The UTV Invasion
Photo courtesy of AMSOIL Championship Off-Road
Affordability, competition, and technology are driving the segment’s popularity, and creating newfound opportunities for those who can provide meaningful race services.
Although it took some time for side-by-sides to earn their rightful place in motorsports, few can deny they’ve helped transform the off-road scene in recent years.
“Five years ago, they were basically considered beefed-up go-karts by the other classes,” said Justin Smith of Shock Therapy, Phoenix, Arizona. “But they got better so much quicker than I think anyone expected them to. Now it’s certainly the segment with the most growth, and typically the largest car counts wherever you go, whether that’s SCORE, Best In The Desert (BITD), or somewhere else. And it’s probably one of the most competitive classes, too.”
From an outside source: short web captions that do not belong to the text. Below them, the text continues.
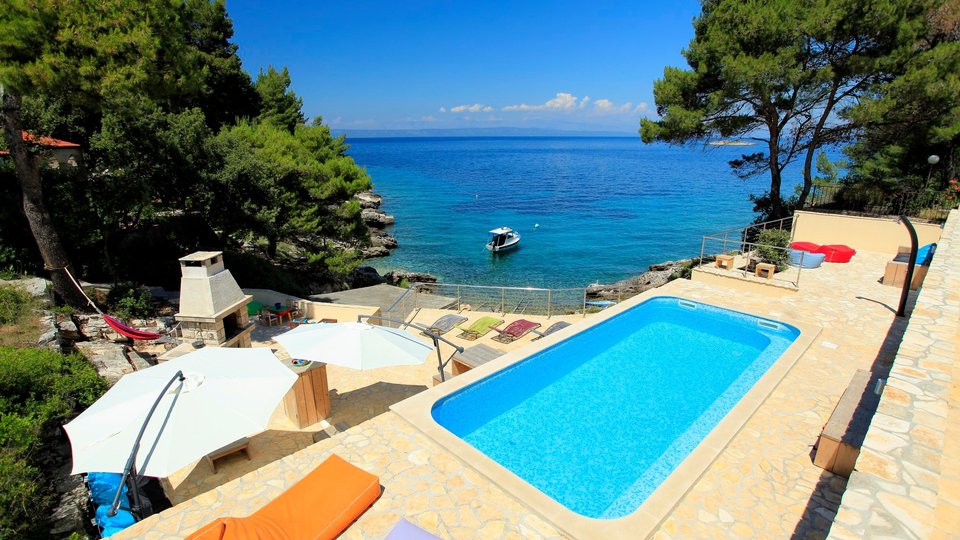 Beautiful villa on the island of Korčula, 1st row to the sea, with a mooring for a boat and a swimming pool!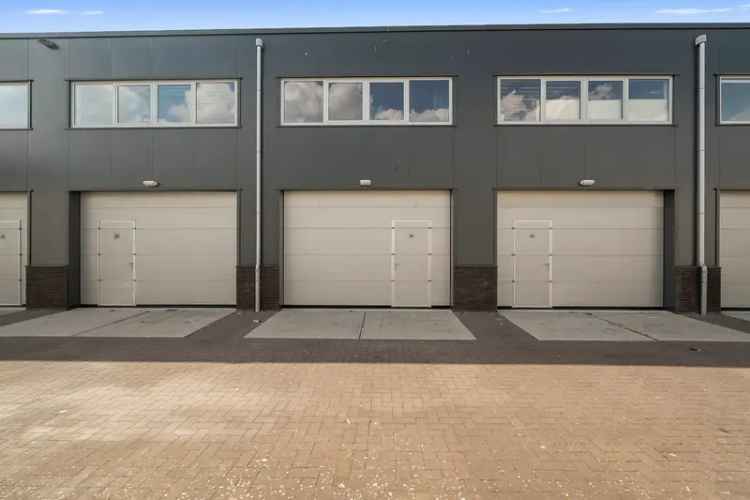 Bedrijfshal te koop Den Helder: ideale combinatie werkplaats en kantoor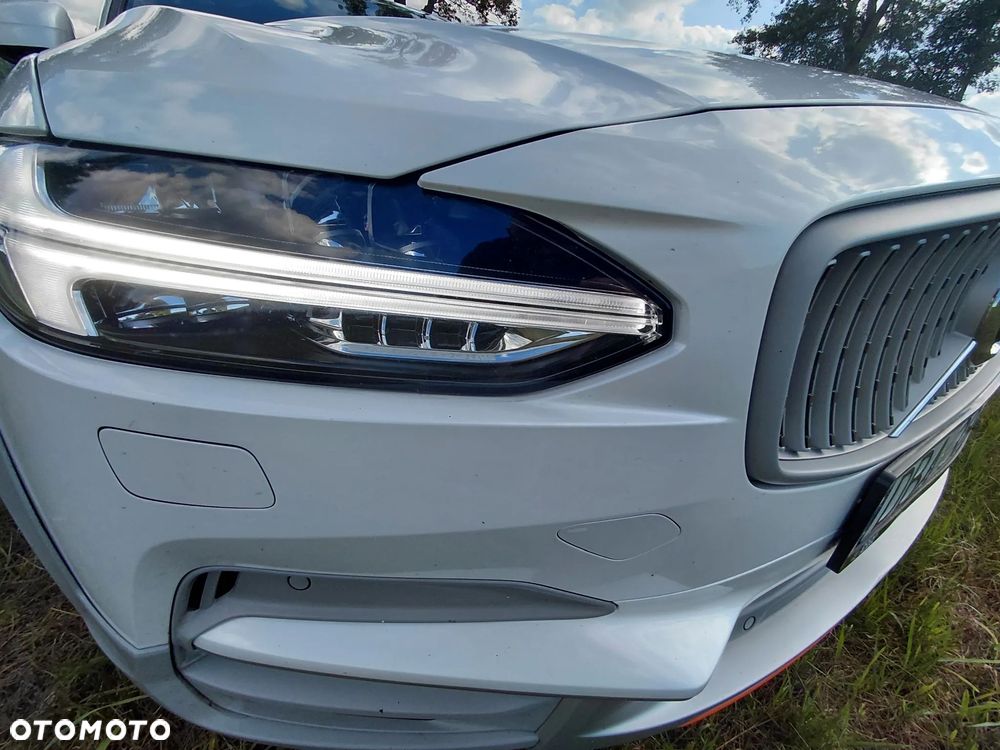 Volvo V90 Cross Country D5 AWD Ocean Race - 12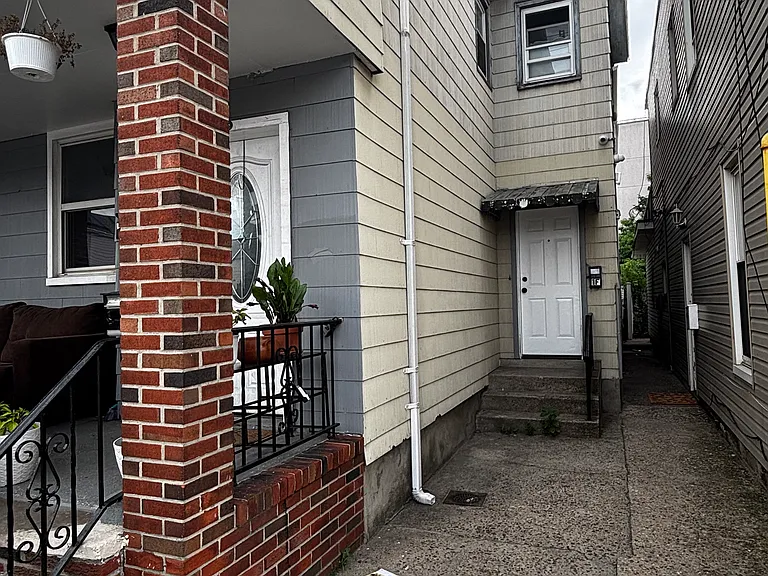 5016 Columbia Ave #1R — Photo 1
Increased manufacturer involvement has been a key factor in that competitiveness, but these factory-level efforts have also upped the ante in turn. “Back in the day, the UTV guys kind of had to band together because we really had no other choice,” explained Nate Martinez of Team Alba Racing, Santee, California. “SCORE and BITD obviously have a giant UTV following now. They have great turnout. But I also know that there are a lot of people out there who are having a hard time getting into the sport now because the factory involvement has significantly raised the costs required to be competitive.”
But as with any racing discipline, a bit of ingenuity can go a long way, even in the production stock classes. For those looking for inroads into side-by-side racing, the specialized needs of these platforms—and the rule sets they must adhere to—guide the demand for components and support.
While endurance-style desert racing formats continue to see strong interest, short-course UTV racing is becoming increasingly popular in various parts of the country. “I’ve noticed that a lot of the woods racers have transitioned into short-course recently,” said Alex Reed of CT Race Worx, Monroe, North Carolina. “I think a big factor there is the ability to be on TV, and the fact that you can run in front of fans who can see 90% of the track from one position. The format allows for a lot more visibility.”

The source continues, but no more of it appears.